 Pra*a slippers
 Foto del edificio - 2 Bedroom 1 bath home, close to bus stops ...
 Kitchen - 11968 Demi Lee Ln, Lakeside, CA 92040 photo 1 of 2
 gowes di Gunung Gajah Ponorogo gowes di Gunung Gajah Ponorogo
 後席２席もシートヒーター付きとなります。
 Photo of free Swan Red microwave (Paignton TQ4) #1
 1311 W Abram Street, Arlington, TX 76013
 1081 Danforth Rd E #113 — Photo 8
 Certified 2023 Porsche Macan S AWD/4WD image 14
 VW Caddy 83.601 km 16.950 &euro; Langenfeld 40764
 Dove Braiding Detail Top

------------------------------------------------------------------------

### TASK OBJECTIVE
Each line from the one with "1311 W Abram Street, Arlington, TX 76013" through the last line of the material is to be retyped exactly, and no other line is.

### RESPONSE FOR THIS EXERCISE
 1311 W Abram Street, Arlington, TX 76013
 1081 Danforth Rd E #113 — Photo 8
 Certified 2023 Porsche Macan S AWD/4WD image 14
 VW Caddy 83.601 km 16.950 &euro; Langenfeld 40764
 Dove Braiding Detail Top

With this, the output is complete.